● PROBLEM TO WORK ON
Go over these records and count the lines with the string "Black" in them; the count is all that should be returned.

● SUPPLIED RECORDS

******************************

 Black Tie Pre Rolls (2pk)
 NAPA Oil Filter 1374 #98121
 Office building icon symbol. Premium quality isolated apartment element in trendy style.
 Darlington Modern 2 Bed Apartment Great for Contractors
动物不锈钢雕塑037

******************************

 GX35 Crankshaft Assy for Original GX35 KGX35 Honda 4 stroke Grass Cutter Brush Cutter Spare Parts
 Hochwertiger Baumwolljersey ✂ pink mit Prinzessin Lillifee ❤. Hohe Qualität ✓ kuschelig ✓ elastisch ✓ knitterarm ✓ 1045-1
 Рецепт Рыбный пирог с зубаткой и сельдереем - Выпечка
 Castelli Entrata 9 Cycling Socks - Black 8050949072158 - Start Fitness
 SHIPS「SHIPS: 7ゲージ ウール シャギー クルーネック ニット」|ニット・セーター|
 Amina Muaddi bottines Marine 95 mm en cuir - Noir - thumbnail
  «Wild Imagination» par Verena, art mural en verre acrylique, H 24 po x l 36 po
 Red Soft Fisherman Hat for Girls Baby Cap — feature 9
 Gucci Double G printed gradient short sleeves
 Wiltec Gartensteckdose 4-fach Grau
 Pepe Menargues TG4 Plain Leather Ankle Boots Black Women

******************************

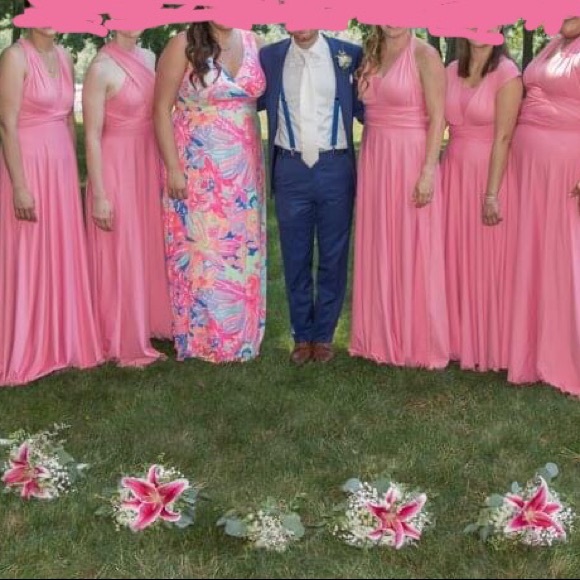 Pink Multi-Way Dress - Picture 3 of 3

******************************

● TASK RESPONSE
3